Obama on His Way to Asia With Eyes on Middle East
President Barack Obama landed in Southeast Asia Tuesday for string of summits with Asian leaders, a visit he had hoped would highlight progress in his seven-year charm offensive in the region — but was instead overshadowed by the fight against Islamic terrorism in the Middle East.
The terrorist attacks in Paris and talk of reprisals against the Islamic State threatened to cloud Obama’s good-news tour to the Philippines and Malaysia this week. While Obama was ready to talk up his freshly inked trade deal and military cooperation in Asia, the rest of the world was looking for leadership on the Islamic State’s relentless terror spree.
It was hardly the first time the Middle East has kept Obama from making the pivot his administration once imagined would be central to his foreign policy legacy. Instead of ending under Obama’s watch, old conflicts in the Middle East have morphed into new, equally intense ones. Instead of gradually moving to center stage, Obama’s agenda in Asia has had to compete for time and attention.

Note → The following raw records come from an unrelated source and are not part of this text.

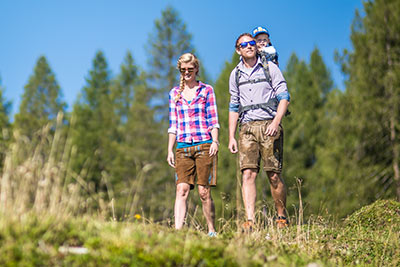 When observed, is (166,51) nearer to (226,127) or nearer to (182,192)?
(226,127)

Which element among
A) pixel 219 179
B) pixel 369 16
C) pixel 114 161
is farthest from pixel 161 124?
pixel 369 16

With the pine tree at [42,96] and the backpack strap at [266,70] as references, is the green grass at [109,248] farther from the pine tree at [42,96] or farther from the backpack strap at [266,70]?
the pine tree at [42,96]

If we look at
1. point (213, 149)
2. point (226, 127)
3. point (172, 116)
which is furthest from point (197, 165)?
point (226, 127)

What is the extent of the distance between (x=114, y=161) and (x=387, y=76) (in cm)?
1925

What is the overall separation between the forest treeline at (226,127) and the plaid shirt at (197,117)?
81 centimetres

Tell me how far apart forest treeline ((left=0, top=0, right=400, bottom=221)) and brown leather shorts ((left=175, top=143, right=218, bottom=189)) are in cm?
44

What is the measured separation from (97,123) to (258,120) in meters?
28.7

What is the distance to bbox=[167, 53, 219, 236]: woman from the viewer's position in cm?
520

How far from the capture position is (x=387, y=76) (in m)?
15.6

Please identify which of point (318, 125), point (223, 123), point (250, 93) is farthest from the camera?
point (318, 125)

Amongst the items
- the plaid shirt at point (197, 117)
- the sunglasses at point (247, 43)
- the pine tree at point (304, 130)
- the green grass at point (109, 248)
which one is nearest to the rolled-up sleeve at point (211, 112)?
the plaid shirt at point (197, 117)

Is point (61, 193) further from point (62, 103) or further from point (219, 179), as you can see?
point (62, 103)

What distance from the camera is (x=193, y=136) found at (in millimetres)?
5293

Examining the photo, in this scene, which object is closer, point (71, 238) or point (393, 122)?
point (71, 238)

The White House was determined this week to show it would keep a steady focus despite the tragedy that consumed European allies. Obama left Washington as scheduled just hours after the night of violence in Paris left 129 people dead and hundreds more injured. He has not changed his plans for the nine-day trip that began Sunday at the Group of 20 summit in Antalya, Turkey.
Still, at a press conference before he departed for Manila, Obama was asked only about his strategy for countering Islamic terrorism.
“This is another variation on the same question,” he said, exasperated by the repetition. “Let me try it one last time.”
At back-to-back summits in Manila and Kuala Lumpur, Obama was expected to highlight recent evidence of long-sought progress in Asia.
Recent elections in Myanmar, where activist Aung San Suu Kyi’s opposition party won overwhelming victory, were a boost for Obama’s foreign policy team, which has been deeply involved in guiding the shift away from military control.
On Tuesday, Obama was slated to tour the BRP Gregorio del Pilar, a Philippine Navy frigate once owned by the U.S. and now considered one of the most advanced in Southeast Asia. The visit was staged to call attention to a defense cooperation agreement cemented last year that gives the U.S. new access to some Philippine military bases. The compact is part of a broader effort to strengthen U.S. presence — and counter China — in the disputed waters of the South China Sea.
The most notable accomplishment on Obama’s list is the completion of the Trans-Pacific Partnership, the massive free trade agreement at the heart of the administration’s Asia policy.
Obama will meet with leaders of the other 11 member countries in Manila on Wednesday to mark the milestone — although the celebration will be somewhat muted. The U.S. and other countries must still overcome considerable political opposition to win final ratification.
While Obama can point to recent steps forward in Asia, he has little to show on the other side of the equation.
As he looks as his final year in office, Obama has begun to acknowledge that the conflicts he once cast as hangovers of the past will be left for a future president. Obama no longer plans to withdraw all U.S. troops from Afghanistan by the time he leaves office. The rise of the Islamic State has pushed the U.S. gradually deeper into the warzones in Iraq and in Syria, where Obama has deployed a small force of ground troops for the first time.
Meanwhile, the White House says it sees no prospects for a peace deal between Israelis and Palestinians in the near future.